Old Ale (HBT 2009 Bronze)
BeerSmith Recipe Printout - http://www.beersmith.com
Recipe: Blimey's Old Ale
Brewer: HopHed Brewhaus
Style: Old Ale
TYPE: All Grain
Batch Size: 5.50 gal
Boil Size: 6.30 gal
Estimated OG: 1.094 SG
Estimated Color: 23.7 SRM
Estimated IBU: 49.4 IBU
Brewhouse Efficiency: 75.00 %
Boil Time: 60 Minutes
Amount Item Type % or IBU
1.00 lb Treacle (100.0 SRM) Extract 5.56 %
16.00 lb Pale Malt, Maris Otter (3.0 SRM) Grain 88.89 %
0.50 lb Caramel/Crystal Malt - 60L (60.0 SRM) Grain 2.78 %
0.25 lb Chocolate Malt (350.0 SRM) Grain 1.39 %
0.25 lb Special B Malt (180.0 SRM) Grain 1.39 %
3.00 oz Goldings, East Kent [4.00 %] (60 min) Hops 28.2 IBU
1.50 oz Fuggles [5.00 %] (60 min) Hops 15.9 IBU
1.00 oz Fuggles [5.00 %] (15 min) Hops 5.3 IBU
0.33 oz Burton Water Salts (Mash 60.0 min) Misc
1.00 tsp Irish Moss (Boil 10.0 min) Misc
1 Pkgs English Ale (White Labs #WLP002) Yeast-Ale
Mash Schedule: Single Infusion, Full Body
Total Grain Weight: 17.00 lb
Single Infusion, Full Body
Step Time Name Description Step Temp
60 min Mash In Add 3.06 gal of water at 176.0 F 155.0 F
sounds good - my 2005 barleywine is all gone so i need to get a replacement started.
thanks for the recipe.
Brewed this back in early May and have just entered it in the Arkansas State Fair competition. I'll let you know how it does, but I have high hopes. This is an excellent recipe and a great example of what an old ale should be.
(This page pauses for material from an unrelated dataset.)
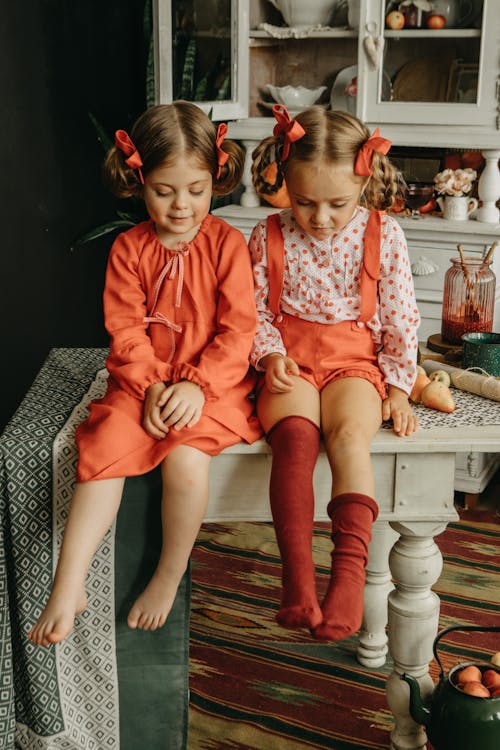 Free Girls with Ribbons in Hair Sitting on Antique Kitchen Table Stock Photo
I am thinking about brewing this today and pitching on a Wyeast 1968 cake. I have never done this before before but do I need to worry considering this yeast recommends a diactyl rest?
How would you put this against the likes of Curmudgeon?
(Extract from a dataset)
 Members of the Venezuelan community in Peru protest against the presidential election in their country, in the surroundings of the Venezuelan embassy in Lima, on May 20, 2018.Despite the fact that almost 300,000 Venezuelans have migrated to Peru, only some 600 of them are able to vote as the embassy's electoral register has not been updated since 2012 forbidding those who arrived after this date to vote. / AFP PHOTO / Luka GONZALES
im enjoying a glass of Curmudgeon right now and am also wondering how this recipe compares. Im not a fan so much of barley wines, and am pretty sure the Curmudgeon is close if not spot on. I jus prefer the more oaky and bourbon flavor of it.
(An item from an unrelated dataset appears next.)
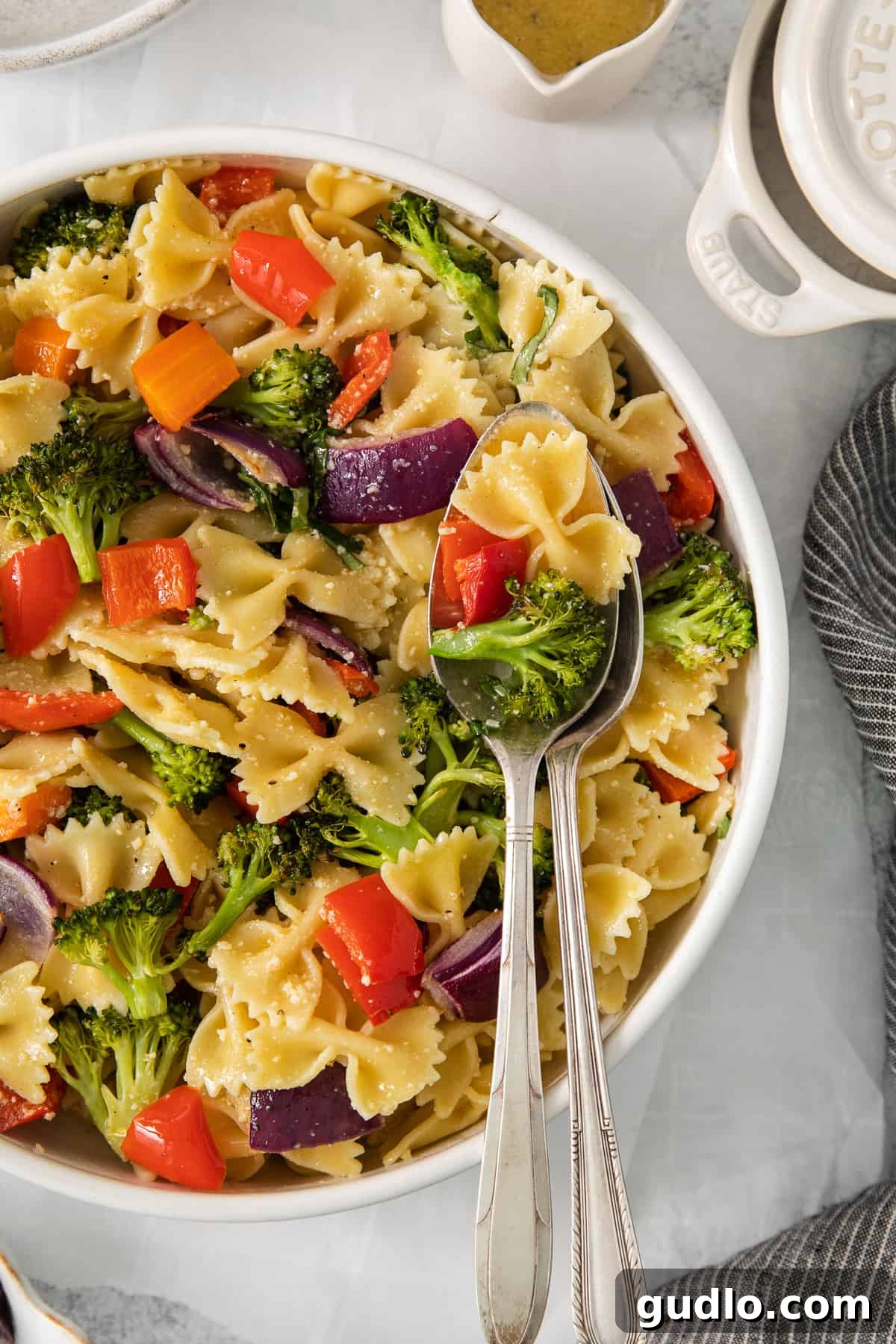 Farfalle Fiesta Salad 2 a bowl of pasta salad with a spoon.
Brewed this recipe today. Hoping for a Curmudgeonish outcome. Got a 78% efficiency. I used Maris Otter in place of the of Pale. Also, I used 1 lb of Brer Rabbit molasses in place of treacle and stirred it in at the beginning of the boil. For yeast to pitched WLP013 London Ale because it was rated a bit higher on tolerance. After three weeks I'm thinking for racking to secondary with some oak chips or shavings for a couple of weeks for that last little kick before kegging and enjoying.
Fingers crosses for a good outcome!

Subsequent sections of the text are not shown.